Why? Let’s investigate using dis
, the Python disassembly module.
Here’s the original version. I’ve added some helpful comments:
# Load variables
00 LOAD_GLOBAL 0 (sum)
02 LOAD_CONST 1 (<code object <genexpr> at 0x104f42e40>)
04 LOAD_CONST 2 ('basel.<locals>.<genexpr>')
# Create the function
06 MAKE_FUNCTION 0
# Create `range` object
08 LOAD_GLOBAL 1 (range)
10 LOAD_CONST 3 (1)
12 LOAD_FAST 0 (N)
14 CALL_FUNCTION 2
# Convert to iterator
16 GET_ITER
# Call generator
18 CALL_FUNCTION 1
# Call sum function
20 CALL_FUNCTION 1
# Return
22 RETURN_VALUE
f <code object <genexpr> at 0x104f42e40>:
# Essentially a `for` loop with yield
00 GEN_START 0
02 LOAD_FAST 0 (.0)
04 FOR_ITER 7 (to 20)
06 STORE_FAST 1 (x)
08 LOAD_FAST 1 (x)
10 LOAD_CONST 0 (-2)
12 BINARY_POWER
14 YIELD_VALUE
16 POP_TOP
18 JUMP_ABSOLUTE 2 (to 4)
20 LOAD_CONST 1 (None)
22 RETURN_VALUE
Here’s the for
loop version:
# Load variables
00 LOAD_CONST 1 (0.0)
02 STORE_FAST 1 (s)
# Create `range` object
04 LOAD_GLOBAL 0 (range)
06 LOAD_CONST 2 (1)
08 LOAD_FAST 0 (N)
10 CALL_FUNCTION 2
12 GET_ITER
# Declare `for` loop
14 FOR_ITER 8 (to 32)
16 STORE_FAST 2 (x)
# Power, add, store
18 LOAD_FAST 1 (s)
20 LOAD_FAST 2 (x)
22 LOAD_CONST 3 (-2)
24 BINARY_POWER
26 INPLACE_ADD
28 STORE_FAST 1 (s)
# Go to top of `for` loop
30 JUMP_ABSOLUTE 7 (to 14)
# return `s`
32 LOAD_FAST 1 (s)
34 RETURN_VALUE
In this specific case, using the generator slowed down the program.
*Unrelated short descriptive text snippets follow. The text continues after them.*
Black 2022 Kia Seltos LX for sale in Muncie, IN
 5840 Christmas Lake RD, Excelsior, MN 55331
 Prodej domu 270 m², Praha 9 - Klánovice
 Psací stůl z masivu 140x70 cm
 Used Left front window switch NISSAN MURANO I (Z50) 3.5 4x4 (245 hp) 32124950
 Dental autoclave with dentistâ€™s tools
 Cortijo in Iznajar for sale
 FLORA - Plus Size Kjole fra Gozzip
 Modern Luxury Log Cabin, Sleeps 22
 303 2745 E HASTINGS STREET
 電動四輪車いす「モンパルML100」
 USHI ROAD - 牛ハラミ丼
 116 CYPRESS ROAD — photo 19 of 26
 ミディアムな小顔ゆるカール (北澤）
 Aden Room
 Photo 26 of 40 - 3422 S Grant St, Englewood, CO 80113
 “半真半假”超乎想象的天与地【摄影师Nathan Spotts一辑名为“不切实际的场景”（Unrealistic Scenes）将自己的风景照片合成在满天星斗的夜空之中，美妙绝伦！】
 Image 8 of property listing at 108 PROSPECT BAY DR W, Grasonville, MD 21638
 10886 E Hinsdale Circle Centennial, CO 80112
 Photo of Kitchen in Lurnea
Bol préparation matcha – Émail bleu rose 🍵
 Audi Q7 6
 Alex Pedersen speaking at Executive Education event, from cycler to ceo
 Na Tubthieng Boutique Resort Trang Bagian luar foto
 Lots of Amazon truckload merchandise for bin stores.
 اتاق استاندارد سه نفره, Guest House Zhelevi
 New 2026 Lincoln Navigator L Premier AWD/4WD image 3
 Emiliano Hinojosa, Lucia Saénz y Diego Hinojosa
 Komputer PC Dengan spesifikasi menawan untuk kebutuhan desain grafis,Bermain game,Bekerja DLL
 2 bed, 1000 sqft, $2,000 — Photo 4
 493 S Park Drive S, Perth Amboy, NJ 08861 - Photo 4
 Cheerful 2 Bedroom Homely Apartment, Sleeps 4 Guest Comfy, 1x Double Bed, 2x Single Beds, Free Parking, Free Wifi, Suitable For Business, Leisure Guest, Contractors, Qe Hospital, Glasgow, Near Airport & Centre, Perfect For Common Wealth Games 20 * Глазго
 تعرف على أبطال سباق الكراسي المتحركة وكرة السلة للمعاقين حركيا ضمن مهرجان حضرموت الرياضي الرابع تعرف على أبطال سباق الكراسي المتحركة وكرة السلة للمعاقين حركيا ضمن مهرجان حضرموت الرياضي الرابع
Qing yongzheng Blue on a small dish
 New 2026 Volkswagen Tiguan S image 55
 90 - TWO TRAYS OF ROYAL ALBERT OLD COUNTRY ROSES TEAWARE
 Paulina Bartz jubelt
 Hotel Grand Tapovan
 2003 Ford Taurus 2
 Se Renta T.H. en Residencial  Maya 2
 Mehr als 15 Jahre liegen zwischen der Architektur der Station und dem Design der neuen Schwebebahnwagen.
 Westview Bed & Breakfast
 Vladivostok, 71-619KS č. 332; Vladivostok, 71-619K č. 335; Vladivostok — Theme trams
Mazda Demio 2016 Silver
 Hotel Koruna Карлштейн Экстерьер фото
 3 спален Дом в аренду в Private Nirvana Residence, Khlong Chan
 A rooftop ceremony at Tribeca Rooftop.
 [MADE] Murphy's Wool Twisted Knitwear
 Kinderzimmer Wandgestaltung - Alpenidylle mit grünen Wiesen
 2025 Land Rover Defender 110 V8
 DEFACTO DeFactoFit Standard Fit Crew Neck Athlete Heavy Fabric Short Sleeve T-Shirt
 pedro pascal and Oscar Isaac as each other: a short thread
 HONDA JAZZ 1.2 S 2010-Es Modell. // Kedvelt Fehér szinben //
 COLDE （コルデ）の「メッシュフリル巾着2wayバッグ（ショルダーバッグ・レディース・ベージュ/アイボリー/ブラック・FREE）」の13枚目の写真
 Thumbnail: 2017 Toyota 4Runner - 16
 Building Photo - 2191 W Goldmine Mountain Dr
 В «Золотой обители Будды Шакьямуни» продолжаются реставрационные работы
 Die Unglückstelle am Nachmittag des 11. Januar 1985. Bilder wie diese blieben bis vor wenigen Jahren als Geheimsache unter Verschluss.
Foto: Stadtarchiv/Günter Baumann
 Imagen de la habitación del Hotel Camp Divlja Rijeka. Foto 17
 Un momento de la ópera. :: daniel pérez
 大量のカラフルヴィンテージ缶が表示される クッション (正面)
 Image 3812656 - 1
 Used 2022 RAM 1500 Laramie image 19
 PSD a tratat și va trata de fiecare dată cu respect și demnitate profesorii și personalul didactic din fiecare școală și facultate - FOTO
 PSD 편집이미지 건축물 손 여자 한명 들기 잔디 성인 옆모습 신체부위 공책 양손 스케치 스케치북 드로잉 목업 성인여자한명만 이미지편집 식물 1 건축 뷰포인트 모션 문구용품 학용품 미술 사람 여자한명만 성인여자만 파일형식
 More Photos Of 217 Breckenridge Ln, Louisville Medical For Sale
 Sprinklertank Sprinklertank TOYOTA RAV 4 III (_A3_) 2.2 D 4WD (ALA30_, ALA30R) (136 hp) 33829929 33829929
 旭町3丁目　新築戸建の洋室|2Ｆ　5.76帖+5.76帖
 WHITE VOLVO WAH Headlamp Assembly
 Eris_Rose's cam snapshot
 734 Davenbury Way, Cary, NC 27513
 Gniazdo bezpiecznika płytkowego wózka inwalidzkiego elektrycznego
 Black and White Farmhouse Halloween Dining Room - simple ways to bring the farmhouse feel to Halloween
As we can see, the generator loop code is identical to the second version.
The first one just does extra work dealing with the generator object,
which requires (slow) CALL_FUNCTION
directives. Note that in practice, generators
are usually faster due to their lazy nature. It’s just that in this case,
the extra bloat isn’t worth it.
Regardless, the difference in performance between the two versions ($\approx 1$s) is insignificant compared to the overall difference between Python and C/Rust. Even with the faster version, the Rust code is $\approx 65$ times faster than Python.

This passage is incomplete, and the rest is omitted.